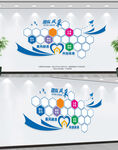 员工风采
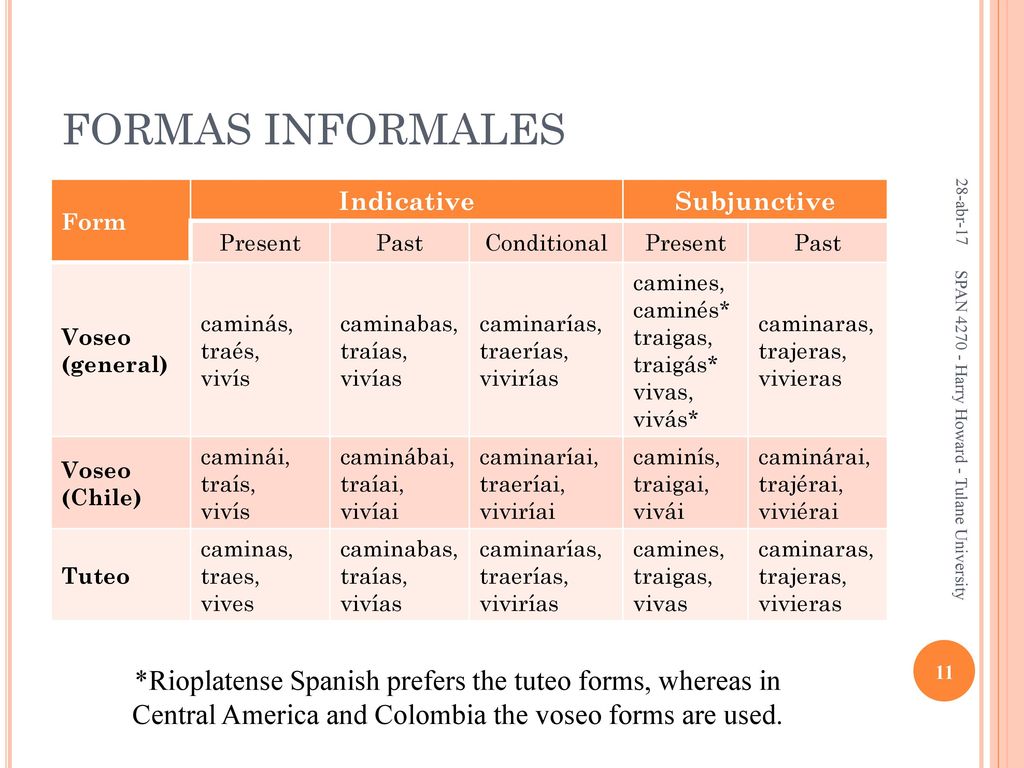 FORMAS INFORMALES 28-abr-17. Form. Indicative. Subjunctive. Present. Past. Conditional. Voseo (general)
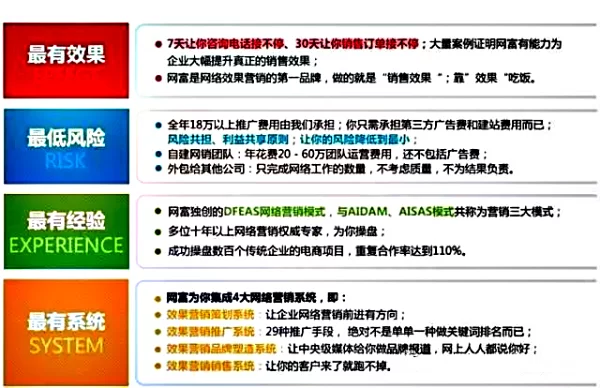 网络升会员赚钱靠谱吗？会员费真能赚到手？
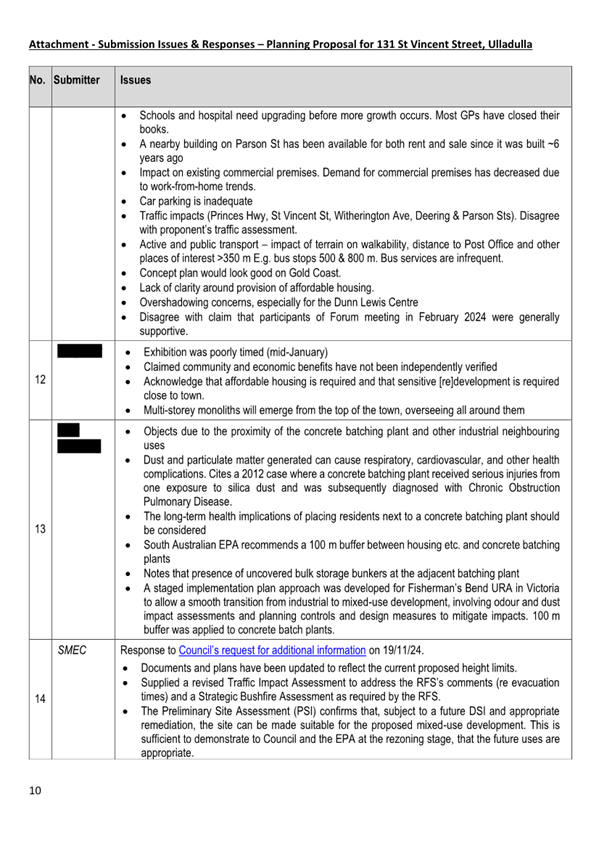 A close-up of a document

AI-generated content may be incorrect.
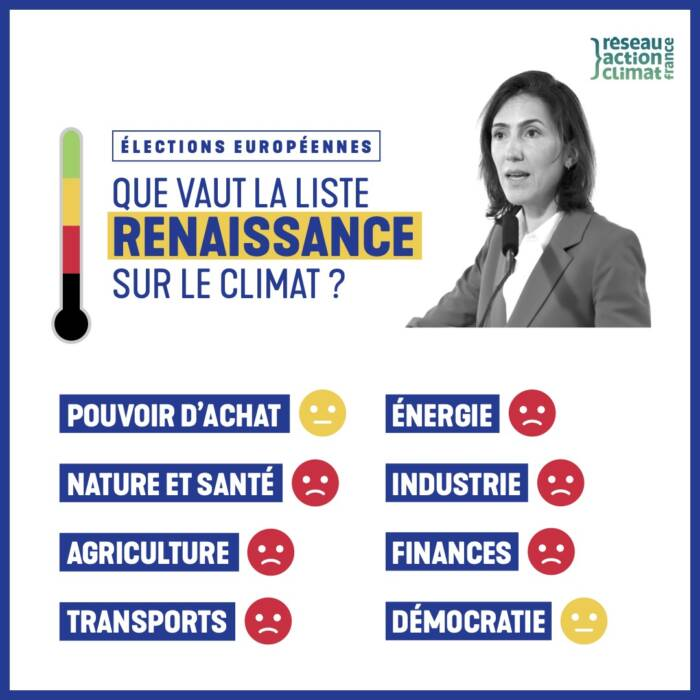 Le Réseau Action Climat @RACFrance analyse les volets climat des programmes des listes aux européennes. Notre programme est excellemment noté, Celui des macronistes se prend une taule, prévisible vu l'absence de mesures écologiques dans leur programme. reseauactionclimat.org/elections-euro…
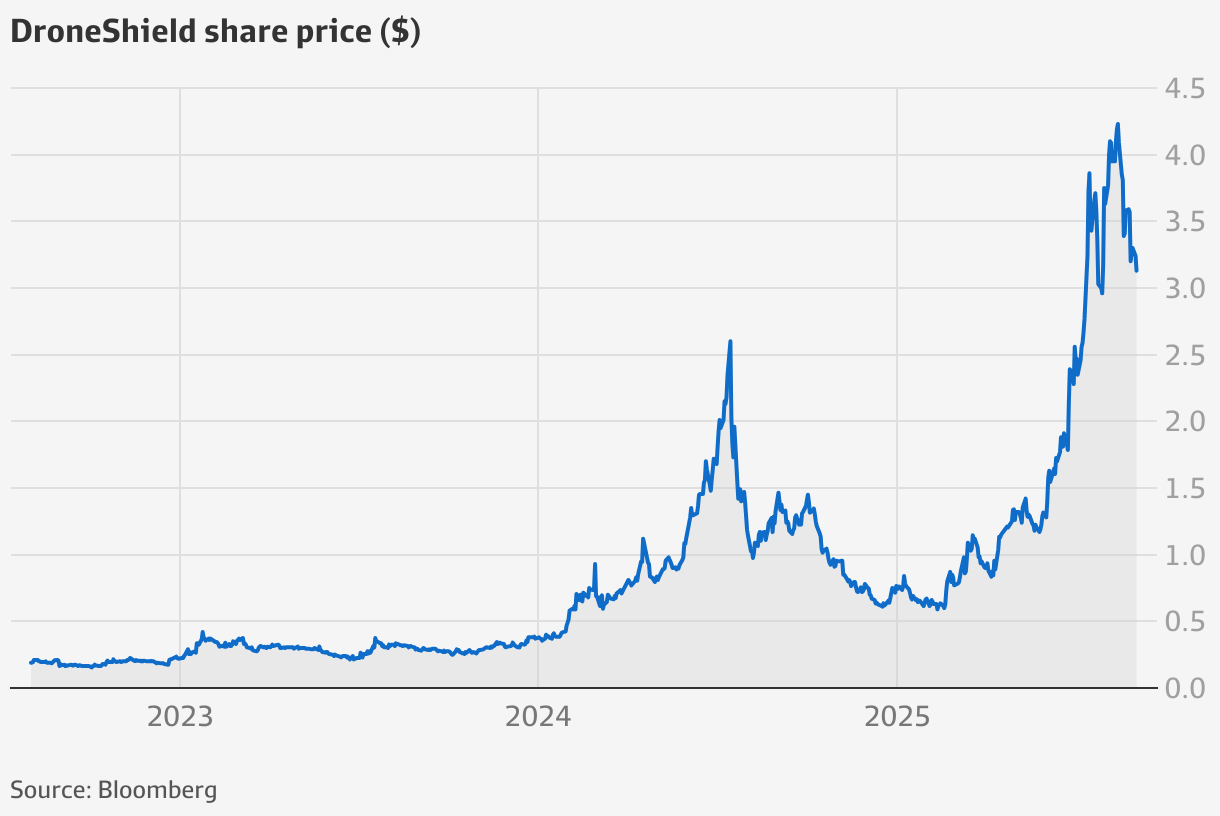 Droneshield Graph ASX DRO: DroneShield emerges as the king of small caps amid heavy buying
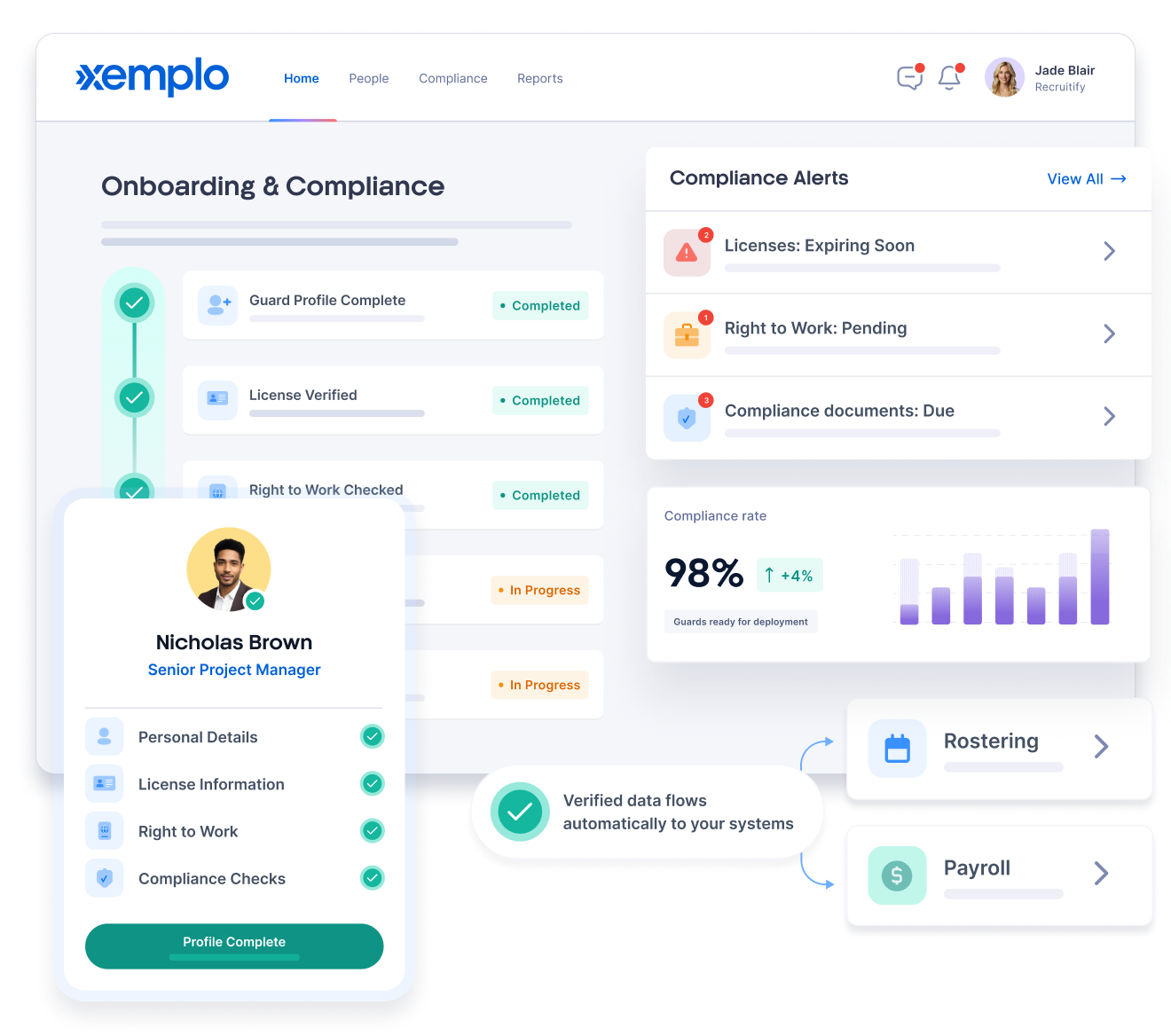 Xemplo security guard onboarding and compliance workflow with licence checks, expiry alerts and deployment readiness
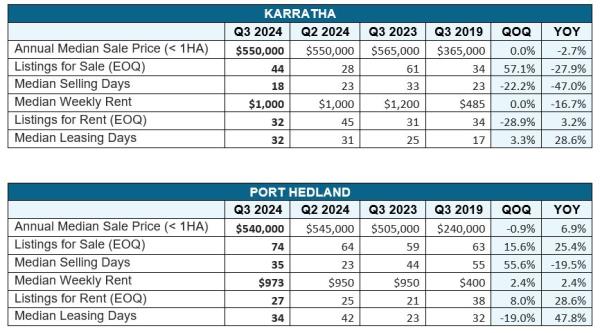 Karratha and Port Hedland property data tables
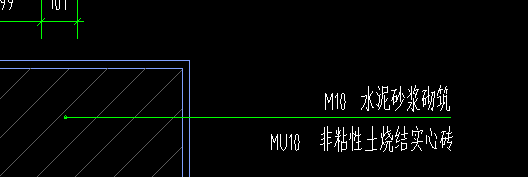 正负零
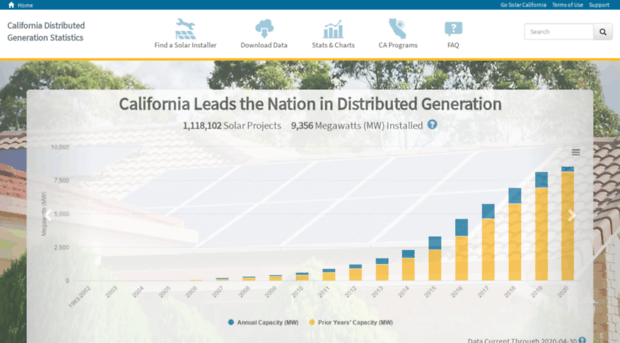 californiasolarstatistics.org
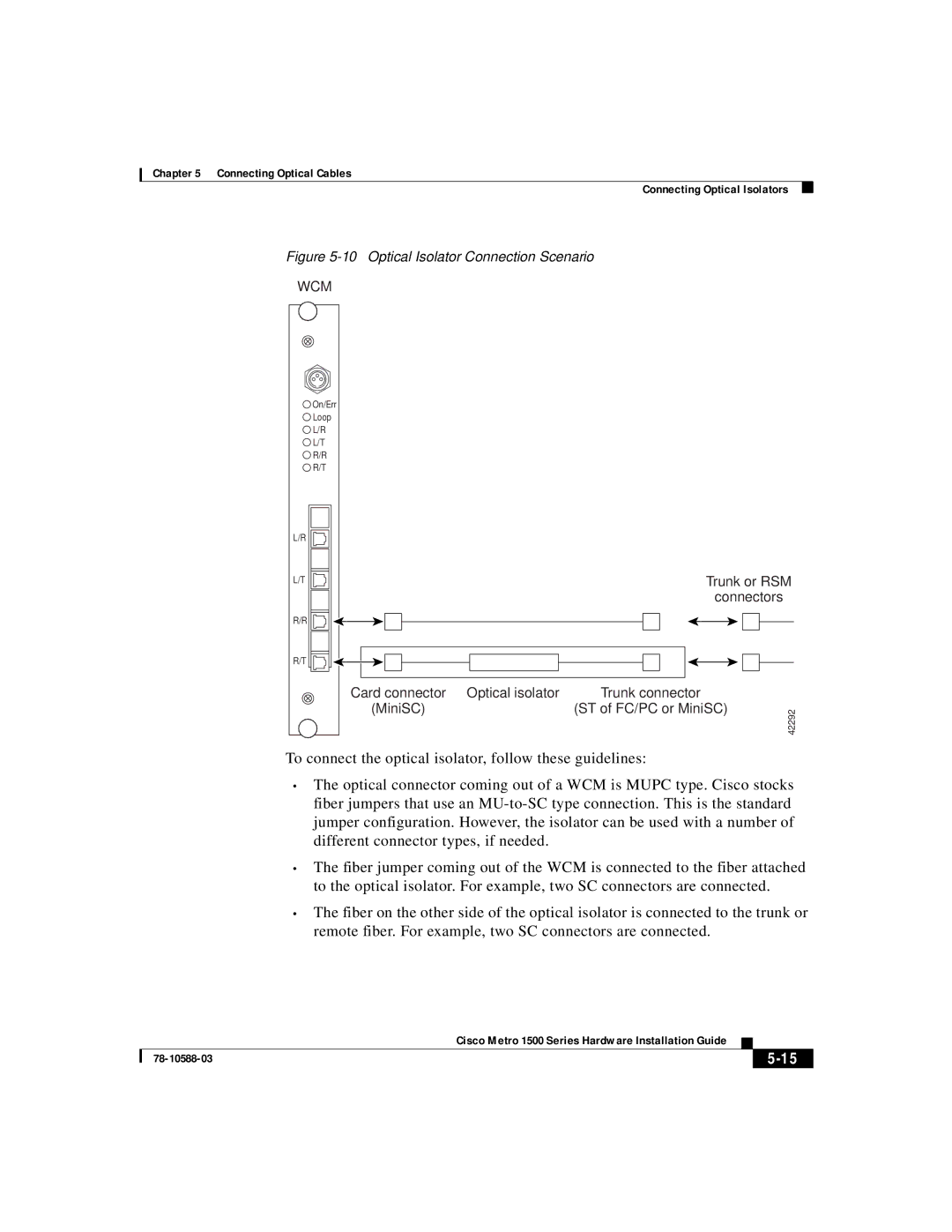 Cisco Systems 1500 manual Optical Isolator Connection Scenario 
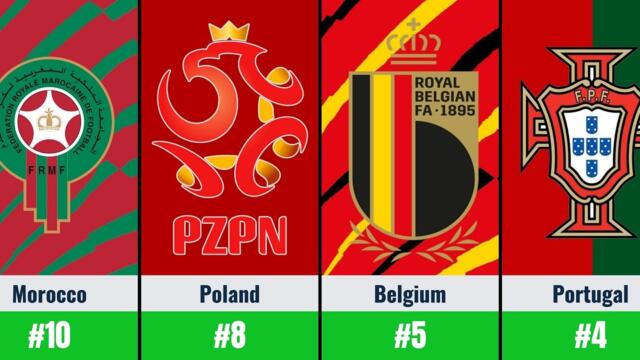 Best National Teams That Never Won the World Cup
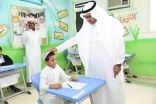 مدير تعليم مكة يتفقد الاختبارات والمشاريع التعليمية بمحافظة الكامل ، ويشيد بالمنجزات التنموية والحضارية التي وفّرتها الدولة بها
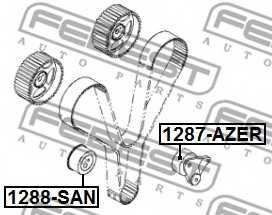 Натяжной ролик ременя ГРМ FEBEST 1287-AZER - изображение 1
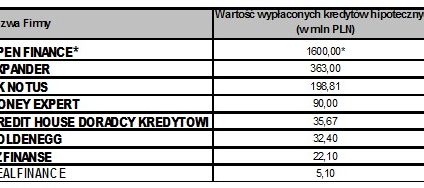 Wyniki doradców w I kwartale 2009 r.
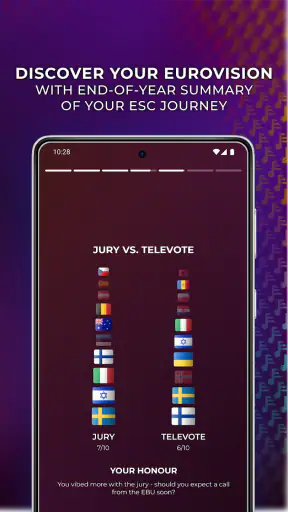 Europarty: Ranking Eurovision screenshot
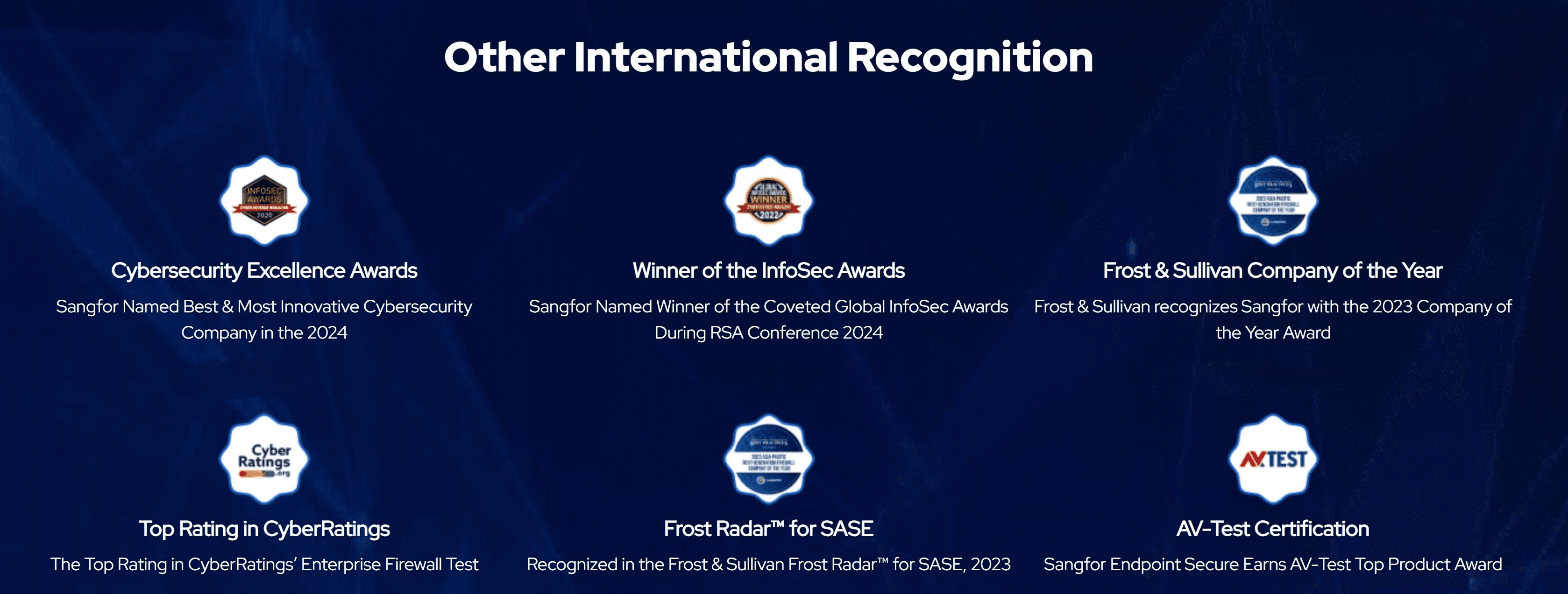 گواهینامه ها و جوایز سنگفور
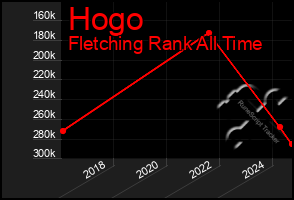 Total Graph of Hogo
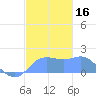 Pago Bay tide chart for Saturday, December 16, 2023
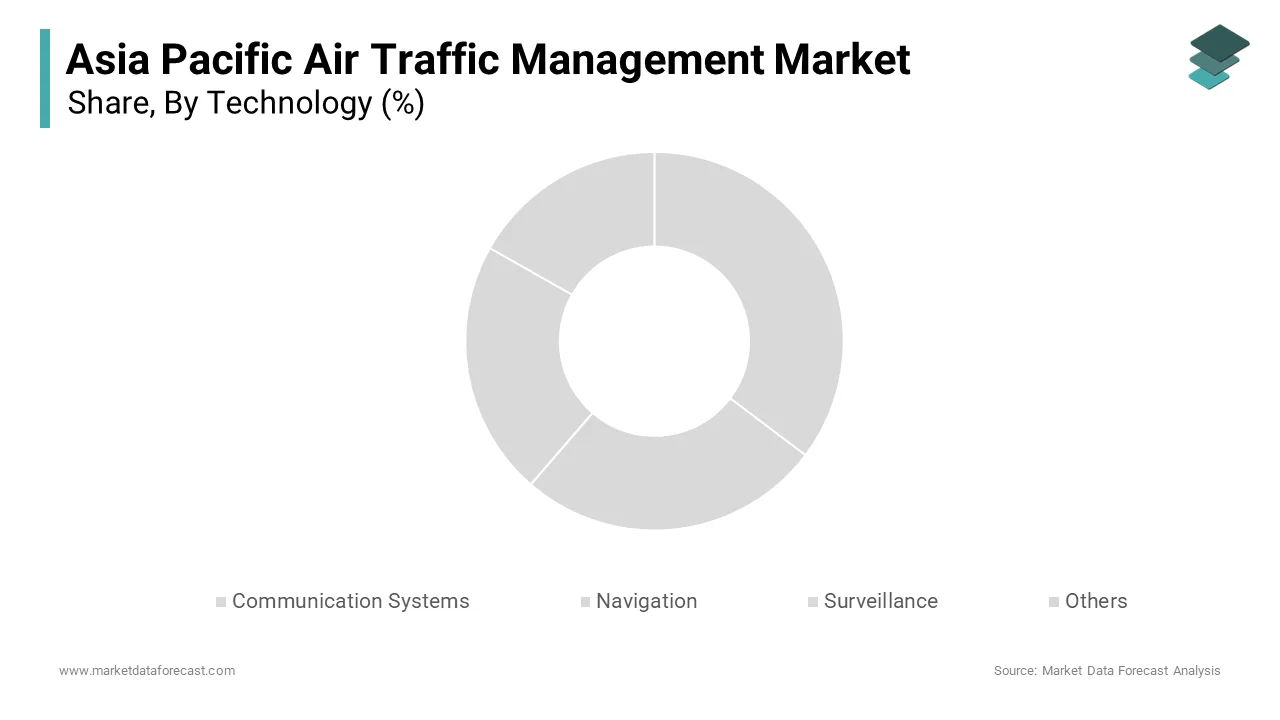 The surveillance systems segment was the largest and held 38.2% of the Asia Pacific air traffic management market share in 2024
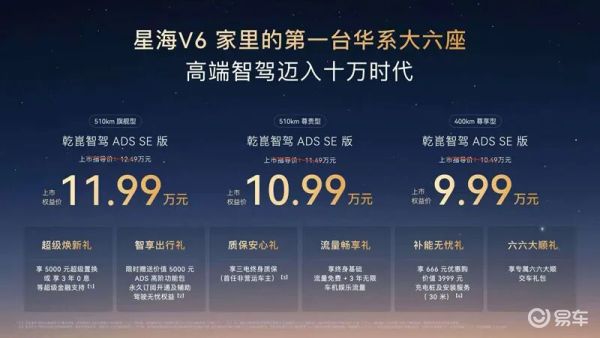 华系大六座 权益价9.99万元起,东风风行星海V6上市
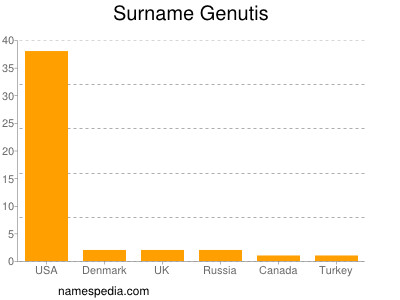 Surname Genutis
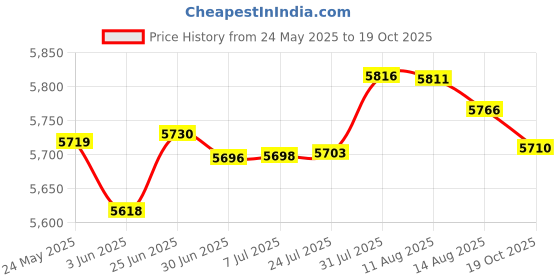 flipkart.com vision glass OV_033 Glass Wash Basin (24"x21" Inch) Sky Blue With Mirror One Self & S.S. Stand Wall Hung Basin vision glass Price History Graph from 24 May 2025 to 19 Oct 2025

TASK TO COMPLETE: Reproduce exactly the lines of the entries above from the first through the line with "AI-generated content may be incorrect.", both included; pictures should not be reproduced.

EXERCISE RESPONSE:
 员工风采
 FORMAS INFORMALES 28-abr-17. Form. Indicative. Subjunctive. Present. Past. Conditional. Voseo (general)
 网络升会员赚钱靠谱吗？会员费真能赚到手？
 A close-up of a document

AI-generated content may be incorrect.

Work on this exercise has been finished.